- **What to produce**:
Make an exact copy of the records that follow, with each picture omitted.

- **Data to examine**:
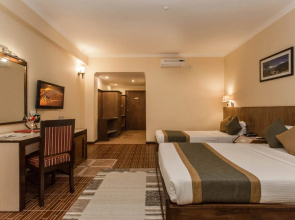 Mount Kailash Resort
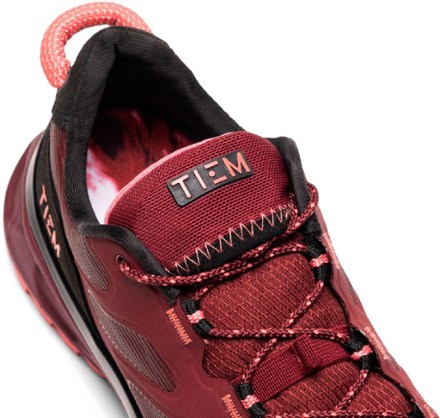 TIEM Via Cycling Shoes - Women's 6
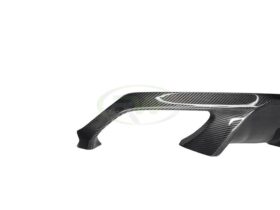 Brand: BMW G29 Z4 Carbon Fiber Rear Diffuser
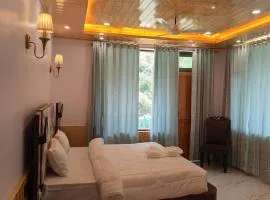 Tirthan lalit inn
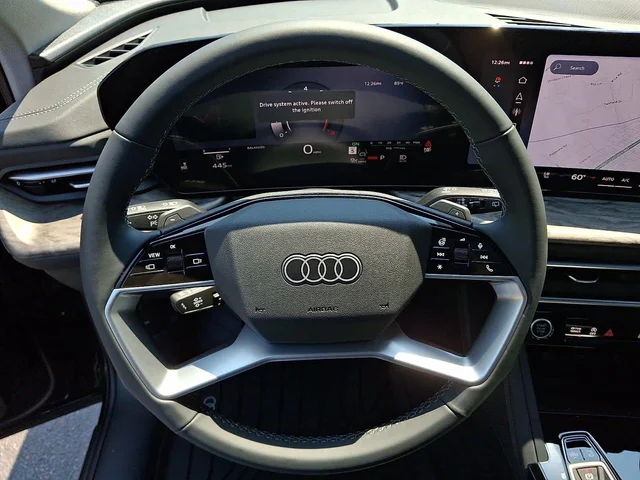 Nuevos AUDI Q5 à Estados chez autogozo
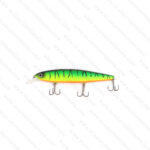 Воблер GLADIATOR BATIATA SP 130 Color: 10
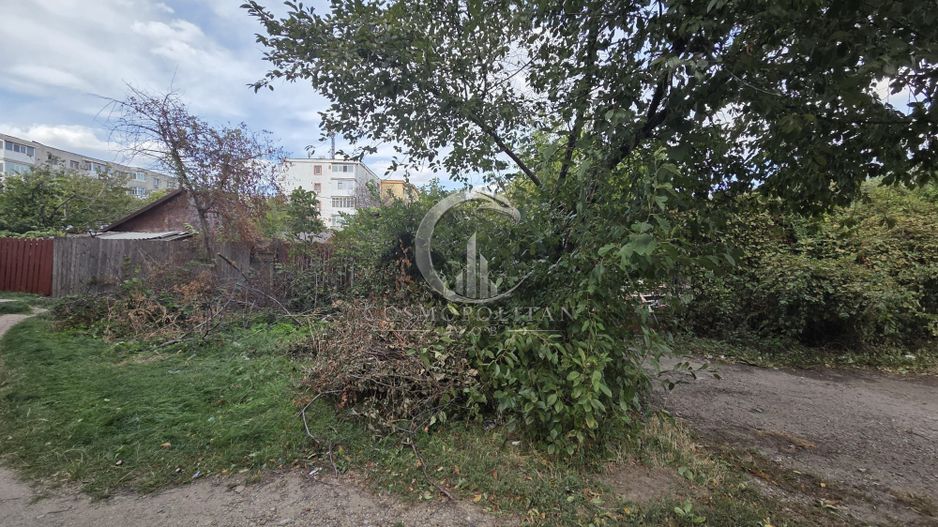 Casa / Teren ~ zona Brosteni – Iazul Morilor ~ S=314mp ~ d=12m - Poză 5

- **Answer section**:
 Mount Kailash Resort
 TIEM Via Cycling Shoes - Women's 6
 Brand: BMW G29 Z4 Carbon Fiber Rear Diffuser
 Tirthan lalit inn
 Nuevos AUDI Q5 à Estados chez autogozo
 Воблер GLADIATOR BATIATA SP 130 Color: 10
 Casa / Teren ~ zona Brosteni – Iazul Morilor ~ S=314mp ~ d=12m - Poză 5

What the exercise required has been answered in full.